- _Information_
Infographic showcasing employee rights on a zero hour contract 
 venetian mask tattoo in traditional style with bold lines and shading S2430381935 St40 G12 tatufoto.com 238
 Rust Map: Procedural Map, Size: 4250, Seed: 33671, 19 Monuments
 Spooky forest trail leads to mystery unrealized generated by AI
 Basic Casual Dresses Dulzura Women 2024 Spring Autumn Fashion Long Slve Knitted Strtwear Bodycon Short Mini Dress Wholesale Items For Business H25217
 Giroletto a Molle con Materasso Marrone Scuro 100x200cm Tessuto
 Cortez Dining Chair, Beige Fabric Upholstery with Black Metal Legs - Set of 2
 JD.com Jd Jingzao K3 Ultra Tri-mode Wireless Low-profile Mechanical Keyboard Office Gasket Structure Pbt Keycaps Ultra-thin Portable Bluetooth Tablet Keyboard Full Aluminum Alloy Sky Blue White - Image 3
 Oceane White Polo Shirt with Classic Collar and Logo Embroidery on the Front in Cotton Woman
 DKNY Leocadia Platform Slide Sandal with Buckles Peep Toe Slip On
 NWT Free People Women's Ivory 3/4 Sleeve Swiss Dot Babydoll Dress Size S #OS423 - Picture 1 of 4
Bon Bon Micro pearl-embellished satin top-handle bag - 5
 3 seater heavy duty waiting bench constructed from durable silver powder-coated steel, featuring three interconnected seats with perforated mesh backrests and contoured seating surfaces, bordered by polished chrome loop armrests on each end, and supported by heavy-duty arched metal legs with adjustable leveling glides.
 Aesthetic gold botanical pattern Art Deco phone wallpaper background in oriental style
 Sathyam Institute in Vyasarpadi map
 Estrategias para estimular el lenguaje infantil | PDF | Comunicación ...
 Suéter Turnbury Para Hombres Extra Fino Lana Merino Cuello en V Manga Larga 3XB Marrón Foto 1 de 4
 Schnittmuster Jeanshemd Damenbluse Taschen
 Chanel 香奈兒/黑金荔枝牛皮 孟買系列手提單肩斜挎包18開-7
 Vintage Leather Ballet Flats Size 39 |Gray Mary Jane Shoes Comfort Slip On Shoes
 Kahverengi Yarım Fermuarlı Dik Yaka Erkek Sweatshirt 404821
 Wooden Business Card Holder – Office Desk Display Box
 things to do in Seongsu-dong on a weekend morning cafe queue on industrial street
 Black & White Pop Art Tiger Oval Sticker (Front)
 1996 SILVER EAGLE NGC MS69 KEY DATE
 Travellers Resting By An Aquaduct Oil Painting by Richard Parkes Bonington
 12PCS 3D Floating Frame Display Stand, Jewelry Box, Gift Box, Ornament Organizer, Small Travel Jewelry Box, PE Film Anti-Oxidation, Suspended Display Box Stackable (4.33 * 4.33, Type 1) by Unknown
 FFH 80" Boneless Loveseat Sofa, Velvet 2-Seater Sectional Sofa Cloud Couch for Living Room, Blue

- _Task requirements_
All lines above from the line with "Vintage Leather Ballet" through the line with "Wooden Business Card", both included, are to be set down exactly, with nothing else.

- _Result for this task_
 Vintage Leather Ballet Flats Size 39 |Gray Mary Jane Shoes Comfort Slip On Shoes
 Kahverengi Yarım Fermuarlı Dik Yaka Erkek Sweatshirt 404821
 Wooden Business Card Holder – Office Desk Display Box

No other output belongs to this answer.